A team of advanced hackers exploited no fewer than eleven vulnerabilities in a nine-month campaign that used compromised websites to infect fully patched devices running Windows, iOS, and Android, a Google researcher said.
With novel exploitation and obfuscation techniques, the mastery of a large number of types of vulnerabilities and a complex deployment infrastructure, the group used four Zerodays in February 2020. The hackers' ability to chain together multiple exploits that put fully patched Windows and Android devices at risk led members of Google's Project Zero and Threat Analysis Group to label the group "sophisticated".
It's not over yet
On Thursday, Maddie Stone, a researcher at Project Zero, said the same group exploited seven other previously unknown vulnerabilities, this time also in iOS, in the eight months following the February attacks. As in February, the hackers delivered the exploits through waterhole attacks that compromise websites frequented by targets of interest and add code that installs malware on visitors' devices.

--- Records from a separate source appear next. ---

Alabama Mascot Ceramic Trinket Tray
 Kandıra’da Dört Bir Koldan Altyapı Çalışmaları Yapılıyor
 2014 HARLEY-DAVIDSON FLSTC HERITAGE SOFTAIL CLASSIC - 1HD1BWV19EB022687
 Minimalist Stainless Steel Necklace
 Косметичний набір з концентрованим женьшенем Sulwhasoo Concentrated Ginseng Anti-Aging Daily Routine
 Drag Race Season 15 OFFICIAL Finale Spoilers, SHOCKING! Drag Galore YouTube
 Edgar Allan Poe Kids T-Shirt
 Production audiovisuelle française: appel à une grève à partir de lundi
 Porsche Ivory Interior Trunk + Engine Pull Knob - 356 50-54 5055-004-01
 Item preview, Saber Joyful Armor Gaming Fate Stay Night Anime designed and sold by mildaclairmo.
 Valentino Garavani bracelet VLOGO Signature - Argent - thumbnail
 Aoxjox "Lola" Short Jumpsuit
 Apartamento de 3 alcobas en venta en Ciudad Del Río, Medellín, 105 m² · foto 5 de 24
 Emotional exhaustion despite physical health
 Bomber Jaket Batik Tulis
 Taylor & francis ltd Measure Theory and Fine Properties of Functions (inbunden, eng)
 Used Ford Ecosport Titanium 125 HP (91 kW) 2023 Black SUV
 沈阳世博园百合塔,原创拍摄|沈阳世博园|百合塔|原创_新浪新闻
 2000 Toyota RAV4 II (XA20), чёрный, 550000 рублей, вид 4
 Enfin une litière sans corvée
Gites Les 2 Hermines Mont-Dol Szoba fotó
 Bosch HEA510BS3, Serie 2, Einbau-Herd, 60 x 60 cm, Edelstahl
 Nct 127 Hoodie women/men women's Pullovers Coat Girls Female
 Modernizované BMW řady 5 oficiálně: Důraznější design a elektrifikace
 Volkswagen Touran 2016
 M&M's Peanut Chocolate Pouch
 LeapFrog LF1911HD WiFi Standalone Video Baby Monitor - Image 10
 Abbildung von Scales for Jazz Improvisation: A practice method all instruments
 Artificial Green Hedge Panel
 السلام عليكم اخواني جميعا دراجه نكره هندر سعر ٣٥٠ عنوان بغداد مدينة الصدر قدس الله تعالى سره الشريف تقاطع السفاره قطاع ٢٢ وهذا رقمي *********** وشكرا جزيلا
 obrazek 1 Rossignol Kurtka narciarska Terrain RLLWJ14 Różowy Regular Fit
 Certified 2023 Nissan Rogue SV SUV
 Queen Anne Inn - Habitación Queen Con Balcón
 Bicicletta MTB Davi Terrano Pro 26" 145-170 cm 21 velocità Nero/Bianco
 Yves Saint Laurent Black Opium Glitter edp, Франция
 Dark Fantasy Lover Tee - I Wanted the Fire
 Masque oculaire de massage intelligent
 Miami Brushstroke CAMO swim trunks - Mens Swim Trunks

In all attacks, the watering sites redirected visitors to an extensive infrastructure that installed different exploits depending on the devices and browsers used. While the two servers used in February only used Windows and Android devices, the later attacks also used devices with iOS. Below is a diagram of how it worked:
The ability to penetrate advanced defenses built into well-developed operating systems and apps that were fully patched – for example, Chrome on Windows 10 and Safari on iOSA – was evidence of the group's capabilities. Another testament was the abundance of zero days in the group. After Google fixed a code execution vulnerability that the attackers exploited in the Chrome renderer in February, the hackers quickly added a new code execution exploit for the Chrome V8 engine.
In a blog post published Thursday, Stone wrote:
The vulnerabilities cover a wide range of issues, from a modern JIT vulnerability to a large cache of font errors. Overall, each of the exploits itself showed an expert understanding of the development of the exploit and the vulnerability being exploited. In the case of the 0-day Chrome free type, the exploitation method for Project Zero was new. The process of figuring out how to trigger the iOS kernel permissions vulnerability would not have been trivial. The obfuscation methods were varied and time consuming to find out.
Overall, Google researchers gathered:
- 1 full chain targeting for fully patched Windows 10 with Google Chrome
- 2 substrings for 2 different fully patched Android devices running Android 10 with Google Chrome and Samsung browsers, and
- RCE exploits for iOS 11-13 and exploit for escalation of permissions for iOS 13
The seven zero days were:
- CVE-2020-15999 – Chrome freetype heap buffer overflow
- CVE-2020-17087 – Windows heap buffer overflow in cng.sys
- CVE-2020-16009 – Chrome type confused with disdain for TurboFan card
- CVE-2020-16010 – Chrome for Android heap buffer overflow
- CVE-2020-27930 – Read / write any Safari stack via Type 1 fonts
- CVE-2020-27950 – iOS XNU Kernel Storage Disclosure in Mach Message Trailers
- CVE-2020-27932 – iOS kernel type confused with turnstiles
The complex chain of exploits is required to break through layers of defense mechanisms built into modern operating systems and apps. Typically, a series of exploits are required to take advantage of code on a target device, break that code out of a browser's security sandbox, and elevate permissions so the code can access sensitive parts of the operating system.
Thursday's post did not provide details on the group responsible for the attacks. It would be particularly interesting to know if the hackers are part of a group the researchers already know, or if it is a team that they hadn't seen before. Information about the targeted individuals would also be useful.
The importance of keeping apps and operating systems up to date and avoiding suspicious websites remains. Unfortunately, none of these things would have helped the victims hacked by this unknown group.